▶ [Directions for this task]
At the line with "this 640×480 image.", start repeating the data, and continue line by line through the final line, exactly.

━━━ Material shown

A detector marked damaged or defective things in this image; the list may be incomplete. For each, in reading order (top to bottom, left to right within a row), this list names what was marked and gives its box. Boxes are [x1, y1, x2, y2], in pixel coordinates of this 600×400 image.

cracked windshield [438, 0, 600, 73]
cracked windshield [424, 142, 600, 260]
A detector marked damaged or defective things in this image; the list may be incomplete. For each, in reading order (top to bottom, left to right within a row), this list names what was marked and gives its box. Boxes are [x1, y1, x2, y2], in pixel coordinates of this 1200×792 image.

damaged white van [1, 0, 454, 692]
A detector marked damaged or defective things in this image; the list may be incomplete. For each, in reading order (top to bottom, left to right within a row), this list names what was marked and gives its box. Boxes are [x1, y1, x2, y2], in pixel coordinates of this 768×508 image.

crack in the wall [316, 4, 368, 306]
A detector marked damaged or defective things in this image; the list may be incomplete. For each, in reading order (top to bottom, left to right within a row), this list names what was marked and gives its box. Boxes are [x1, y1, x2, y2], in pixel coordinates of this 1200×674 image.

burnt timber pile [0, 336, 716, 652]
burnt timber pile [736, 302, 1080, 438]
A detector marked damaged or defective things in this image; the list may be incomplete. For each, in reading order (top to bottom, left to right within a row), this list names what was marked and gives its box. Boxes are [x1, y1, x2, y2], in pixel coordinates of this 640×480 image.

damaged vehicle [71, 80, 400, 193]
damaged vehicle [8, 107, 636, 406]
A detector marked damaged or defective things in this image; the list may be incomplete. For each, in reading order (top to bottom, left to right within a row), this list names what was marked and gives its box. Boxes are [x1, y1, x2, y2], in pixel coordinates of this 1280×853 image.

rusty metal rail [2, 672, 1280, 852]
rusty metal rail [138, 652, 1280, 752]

━━━━━━

▶ [Answer box]
A detector marked damaged or defective things in this image; the list may be incomplete. For each, in reading order (top to bottom, left to right within a row), this list names what was marked and gives its box. Boxes are [x1, y1, x2, y2], in pixel coordinates of this 640×480 image.

damaged vehicle [71, 80, 400, 193]
damaged vehicle [8, 107, 636, 406]
A detector marked damaged or defective things in this image; the list may be incomplete. For each, in reading order (top to bottom, left to right within a row), this list names what was marked and gives its box. Boxes are [x1, y1, x2, y2], in pixel coordinates of this 1280×853 image.

rusty metal rail [2, 672, 1280, 852]
rusty metal rail [138, 652, 1280, 752]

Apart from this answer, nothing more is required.